The disclosure in this Form 8-K filed by Invesco reflects a question posed to the Big 4 recently by the SEC Staff. This position by the SEC seems like it could ultimately impact clients of the Big 4 if a passive investor (eg. large bank) holds more than 10% of a company’s equity and also provides a line of credit to the auditor. It appears that this could have unintended consequences unless the ultimate goal is for companies to have more auditor options than the Big 4. At this time, I hear that the Staff was allowing companies to file 10-Qs but there still isn’t a resolution on the underlying question. Here’s an excerpt from the Invesco 8-K:
PricewaterhouseCoopers LLP (“PwC”) has advised Invesco Ltd. (the “Company”) that PwC is in discussions with the Staff of the United States Securities and Exchange Commission (the “SEC”) regarding the interpretation and application of Rule 2-01(c)(1)(ii)(A) of Regulation S-X (the “Loan Rule”) with respect to certain of PwC’s lenders who own interests in closed-end and open-end mutual funds managed by the Company’s wholly-owned investment adviser subsidiaries.

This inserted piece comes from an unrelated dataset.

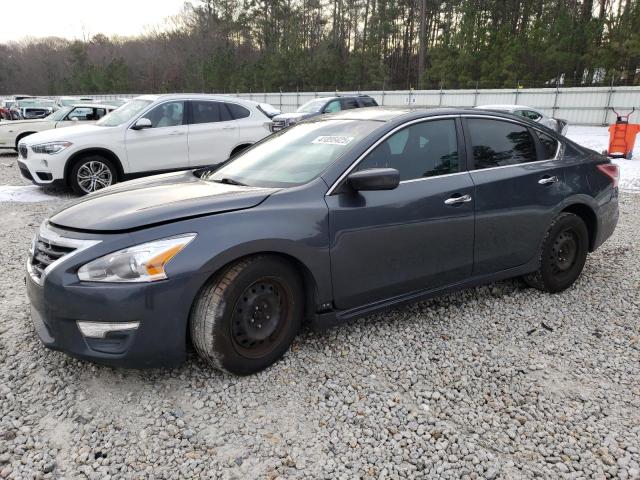 NISSAN ALTIMA 2.5 2013 with VIN 1N4AL3AP3DC142426 - Photo from auction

The Loan Rule prohibits accounting firms, such as PwC, from having certain financial relationships with their audit clients and affiliated entities. The Loan Rule provides, in relevant part, that an accounting firm is not independent if it receives a loan from a lender that is a “record or beneficial owner of more than ten percent of the audit client’s equity securities.” Under the SEC Staff’s interpretation of the Loan Rule, some of PwC’s relationships with lenders who own shares of certain closed-end and open-end funds within the Invesco investment company complex may be in violation of the Loan Rule, calling into question PwC’s independence with respect to such funds, such funds investment advisers and affiliated entities of such investment advisers, including the Company. PwC’s interpretation of the Loan Rule, in light of the facts of these lending relationships, leads it to conclude that there is no violation of the Loan Rule and its independence has not been impaired. PwC has advised the Company that it continues to have discussions with the SEC’s Staff to resolve this interpretive matter.
While PwC represented to the Company that it feels confident that PwC’s interpretation of the Loan Rule is correct, neither PwC nor the Company can be certain of the final outcome. In light of the circumstances described above, the Company is updating its risk factors by providing an additional risk factor set forth below.
PCAOB Inspections: Deficiencies Down at Larger Auditors (But Up for Smaller)
Recently, the PCAOB Staff released a “Staff Inspections Brief” that provides 2015 inspection observations. The number of audit deficiencies identified for annually inspected auditors (those with over 100 public clients) actually decreased. For auditors with less than 100 public clients (who are inspected every three years), the Staff found “an overall high number of audit deficiencies”…
And PCAOB Board Member Jeanette Franzel recently delivered this speech about how the PCAOB should modify its risk-based audit inspection approach to take into account the significant improvements in audit quality that have been happening…
Congress: House Passes 5-Year Audit Attestation Exemption Extension
Here’s the intro from this Cooley blog:
On Monday, the House passed the “Fostering Innovation Act of 2015,” notwithstanding this letter to Paul Ryan and Nancy Pelosi from the SEC’s Investor Advocate urging a vote against it. The bill, which presumably now moves to the Senate for consideration, amends Section 404(b) of SOX (internal controls), “to provide a temporary exemption for low-revenue issuers from certain auditor attestation requirements.”
More specifically, the bill would temporarily exempt from the SOX auditor attestation requirement — that the issuer’s auditor attest to management’s assessment of the effectiveness of the issuer’s internal control over financial reporting — any issuer that ceased to be an emerging growth company after the fifth anniversary of its IPO, had average annual gross revenues of less than $50 million as of its most recently completed fiscal year, and is not a large accelerated filer.
The issuer would become ineligible for the exemption at the earliest of the last day of its fiscal year following the tenth anniversary of its IPO, the last day of its fiscal year when its average annual gross revenues exceed $50 million, or the date on which it becomes a large accelerated filer.